> **Work order**:
Only the pictures should be dropped; every line of the data must come back exactly as written.

> **Data segment**:
● ● ●
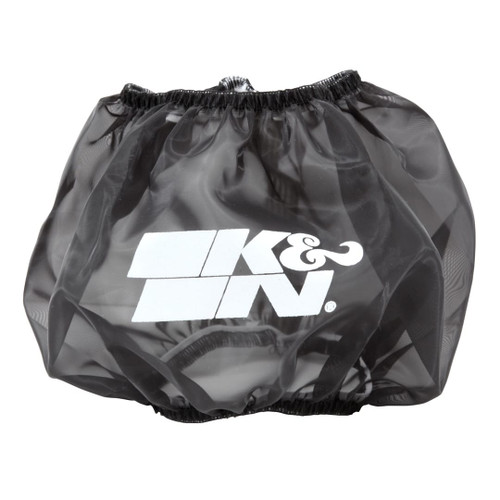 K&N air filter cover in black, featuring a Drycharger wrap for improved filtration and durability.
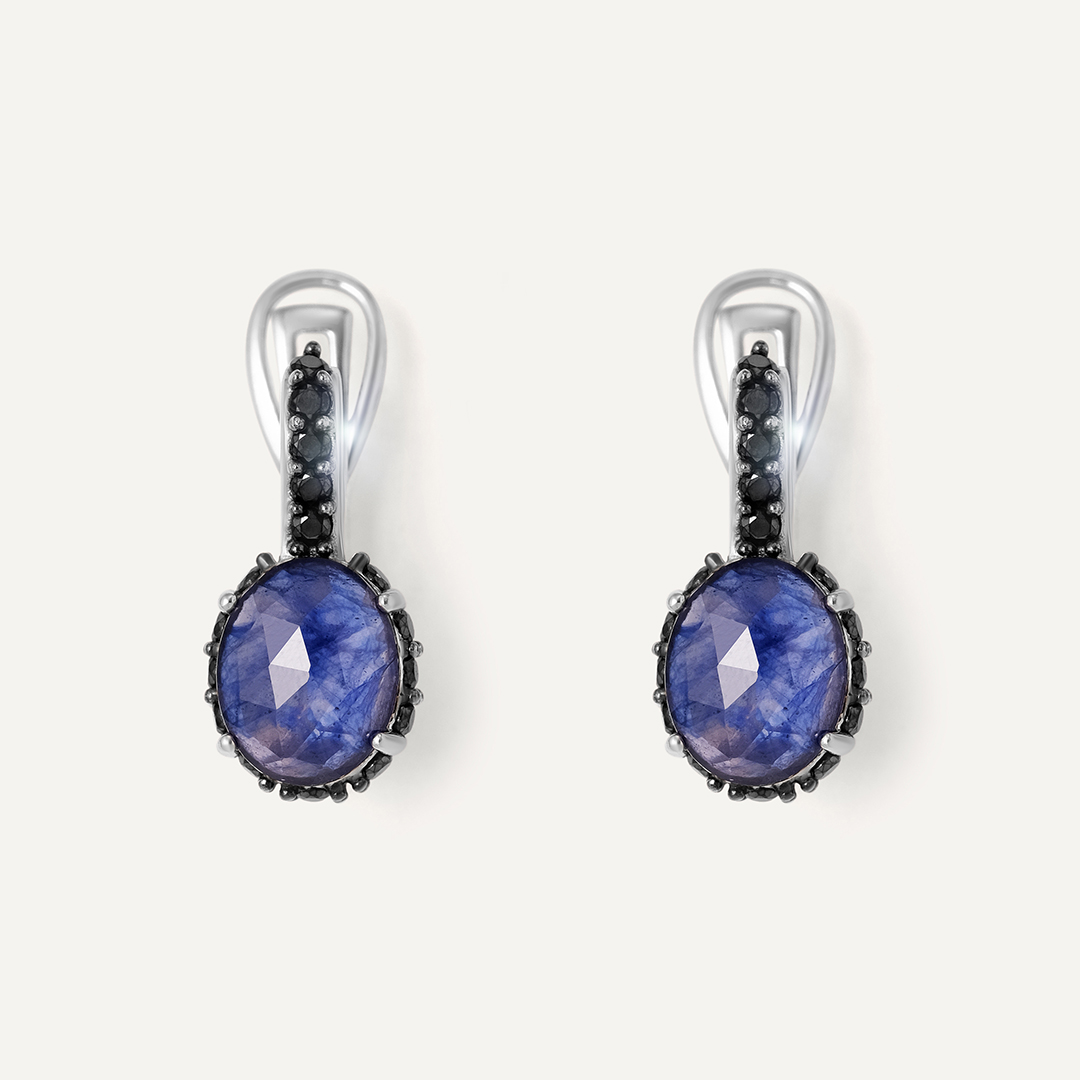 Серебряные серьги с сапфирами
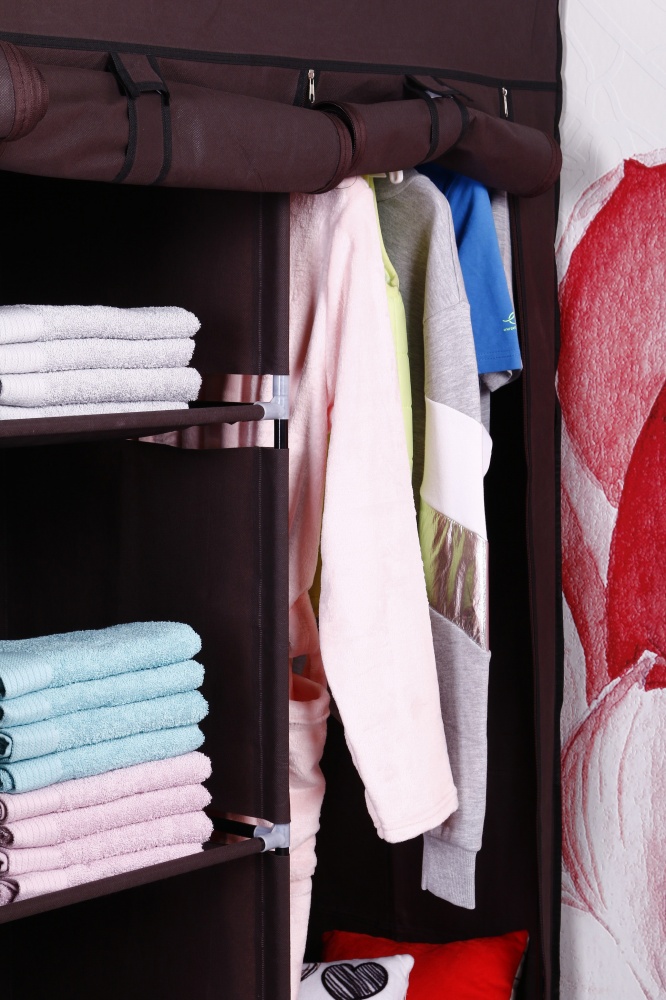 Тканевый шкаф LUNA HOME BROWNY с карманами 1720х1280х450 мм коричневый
● ● ●
> **Written response**:
 K&N air filter cover in black, featuring a Drycharger wrap for improved filtration and durability.
 Серебряные серьги с сапфирами
 Тканевый шкаф LUNA HOME BROWNY с карманами 1720х1280х450 мм коричневый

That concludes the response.